売上を上げた後の回収まで考えてはじめて、資金繰りが改善されていくように思います。
井上和弘著「社内埋蔵金をお金にする知恵」(中経出版)を参考として。
回収まで考える癖をつける
苦心してより多くの売上の契約を取ったとしても、回収できなければ手元資金は増えず、意味がないということになってしまいます。
また、回収できないとまでは行かなくとも、回収まで異様に時間がかかる、督促や管理などで異様に手間がかかるなどといったことがあると、それもまた問題でもあります。
”回収までが事業”というのは当たり前といえば当たり前のことなのですが、会社全体の意識やスタンスとして明確にしていないと、収拾がつかないということになります。
例えば、”営業部”や”経理部”など部署が分かれていると、回収は経理の仕事だから関係ない・回収は営業の仕事だから関係ない、というようになっていたりすることも考えられます。
「売掛金回収→買掛金支払」ならうまくいくは自明
事業であれば、仕入値よりも売値の方を高くしていることが通常です。
(もしそうでなければ、事業自体を根本的に見直す必要があると思うのですが。)
資金繰りという観点から見てみた場合、「売掛金回収→買掛金支払」という形が取れるのであれば、資金的に困るということは理屈上あり得ないということになります。
ということは、”資金的に困る場合がある”ということは、単純に、”「売掛金回収→買掛金支払」という形ではないから”ということが考えられます。つまり、逆転していて、「買掛金支払→売掛金の回収」という状態になっている、ということです。
資金繰りを改善するために考えてみるべきこととして、「売掛金回収をより早く」「買掛金支払をより遅く」という方向性があると考えられます。
スタンスを明確にする
売掛金回収について考えてみるとき、まず考えてみたいこととして、”債権管理に対する自社のスタンスが明確か”ということが挙げられます。
自社のスタンスが明確でないと、取引先から言われるがままを(自社でそれが資金的に対応可能か検討することなく)受け入れるということになりますし、社内での意識統一もできず、社内での権限も責任も明確でないということになってしまいます。

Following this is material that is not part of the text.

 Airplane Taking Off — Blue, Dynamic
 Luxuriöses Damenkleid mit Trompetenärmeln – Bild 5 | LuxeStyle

基本的な方向性としては、以下のような考え方になると思われます。
- 「受取手形」「売掛金」→少なくする努力、回収期間を縮める努力をする
- 「支払手形」「買掛金」「未払金」→支払条件設定などの段階で、支払期間を長くする努力をする
売掛金
自社で設定可能な回収期間を明確にしておきたいところです。
- 例えば、45日以内を超える回収期間となる契約は受けない、とする
- 相手先の信用度・金額高でランク付けし、それぞれで受け入れ可能な回収期間の限度を決めておく
- 回収遅れがあった場合、即座に対応する(督促対応は遅れれば遅れるほど手間がかかるため)
- 支払いの遅い先とは取引しない
- 利益(=売上ー仕入)の出ない仕事はしない
- 回収していなければ仕入代金は支払えないのが基本、と考える
- 受注力を高め、自社に有利な条件で契約できるような力をつける
手形
- 相手先の信用度・金額高でランク付けし、一定のランク以下の取引先との手形取引は拒否する
- 支払手形の限度を決めておく(手形は不渡り2回で倒産となる怖いものであるため)
- 融通手形には手を出さないなど
他業種も参考にしてみる
業種にもよりますが、”買掛金支払が先で売掛金回収が後”になりがちな業種の場合、他業種のやり方が参考になることもあります。
- 着手金
- 保証金・敷金
- 前売り(チケットなど)
- 事前決済からの発送(ECなど)
”買掛金支払が先で売掛金回収が後”を少しでも解消できる仕組み(事前回収)を考えてみたいところです。